Le fond de la tranchée est rempli de matériaux filtrant tels que graviers, concassés ou pierrailles (calibre 20/32) sur une épaisseur d'environ 15 cm. Les drains de dispersion rigides sont posés horizontalement sur ce lit de graviers. Le diamètre nominal des drains est compris entre 100 et 125 mm. Les ouvertures de ces drains de dispersion consistent en des fentes ou des orifices concourant à une bonne dispersion du liquide.

Les joints sont recouverts d'une bande de feutre bitume ou de roofing, ou mieux, d'un géotextile non tissé. Les drains sont recouverts d'une couche de graviers (calibre 20/32) de 5 cm d'épaisseur.

Une membrane imputrescible, anticontaminante est ensuite placée sur ce gravier de manière à éviter le risque d'obturation.

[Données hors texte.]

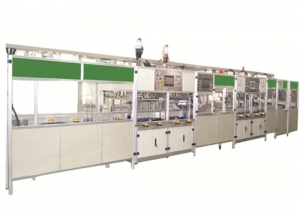 塑料氣缸罩蓋自動裝配、檢測生產線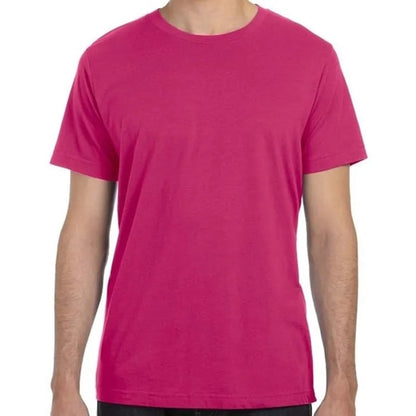 Bella Unisex Poly-Cotton Short-Sleeve T-Shirt
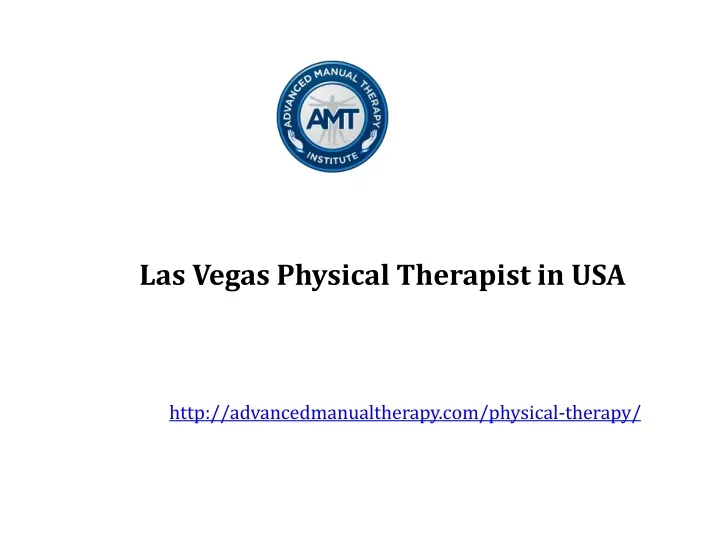 las vegas physical therapist in usa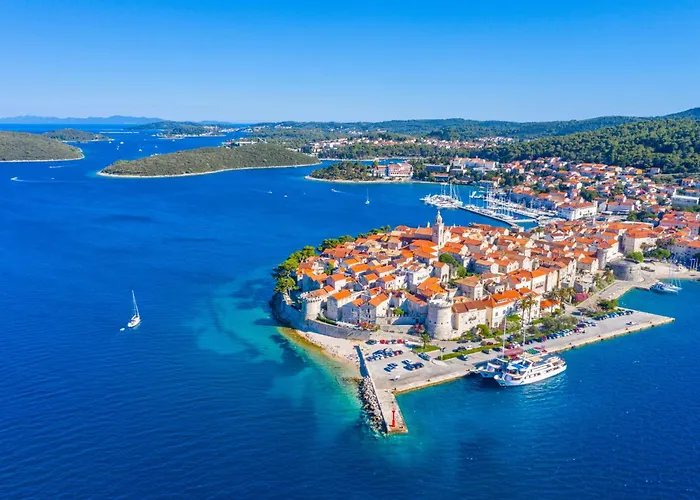 Apartment In Brna - Insel Korcula 6397 * Brna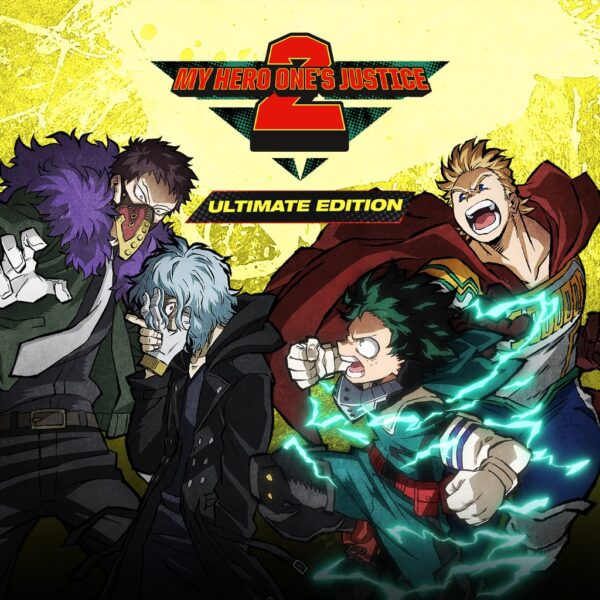 MY HERO ONE'S JUSTICE 2 Ultimate Edition [PS4]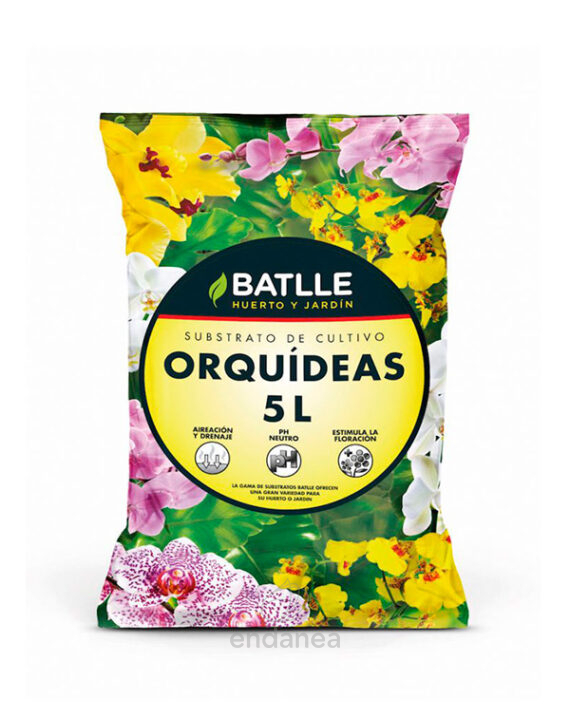 Sustrato Orquídeas Batlle 5L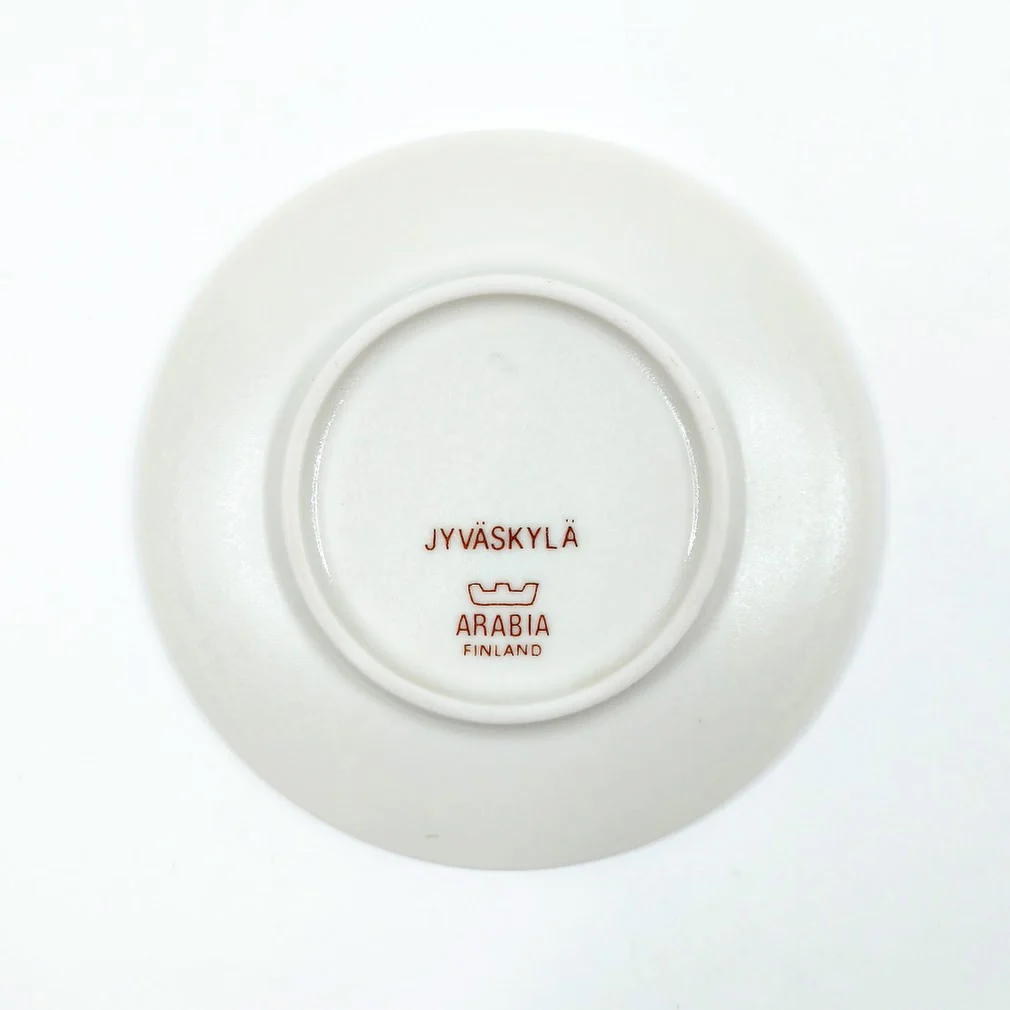 Arabia Kaupunki Jyväskylä koristelautanen - Image 2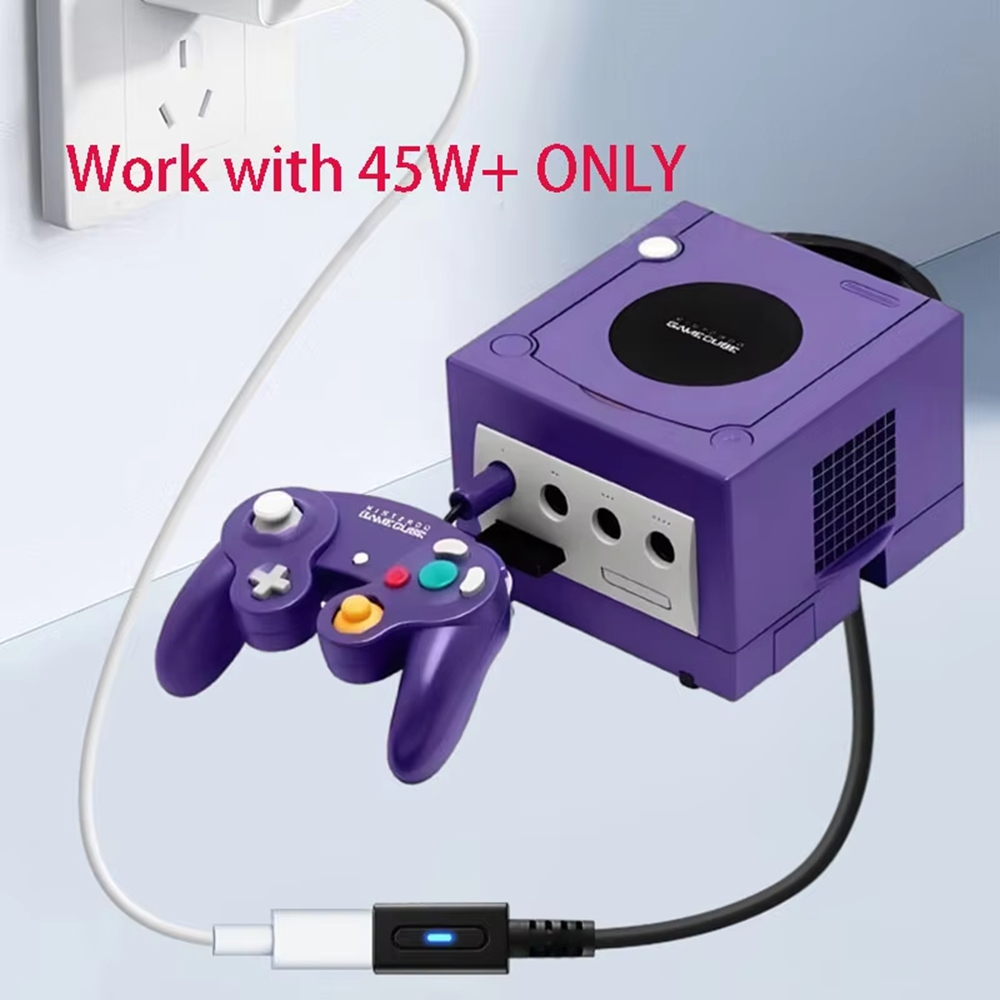 Cable de Carga PD de 45W Tipo  - Gaming Console Types reseña y precio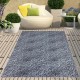 Dekoratif Konsept Texture Pamuk Dokuma Kaymaz Taban Halı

Le remblai de la tranchée s'effectue ensuite par de la terre végétale.

Le réseau de drains est établi sur un plan aussi horizontal que possible (épandage uniforme). Si le terrain a une pente supérieure à 5 cm/m, les drains de dispersion sont placés en lignes perpendiculaires au sens de la pente (parallèles aux courbes de niveau).

En fin de circuit d'épandage, les drains sont réunis par une canalisation transversale sur laquelle est raccordé un tuyau vertical assurant la circulation d'air. L'extrémité extérieure de ce tuyau est grillagée. Eventuellement, il peut être remplacé par des regards ventilés.

Le dimensionnement d'une installation d'épandage souterrain dépend de plusieurs paramètres liés aux caractéristiques du sol en place : - le niveau de la nappe aquifère; - la perméabilité de ce sol; - la couche sous-jacente; - la topographie; - la proximité d'une prise d'eau potable éventuelle.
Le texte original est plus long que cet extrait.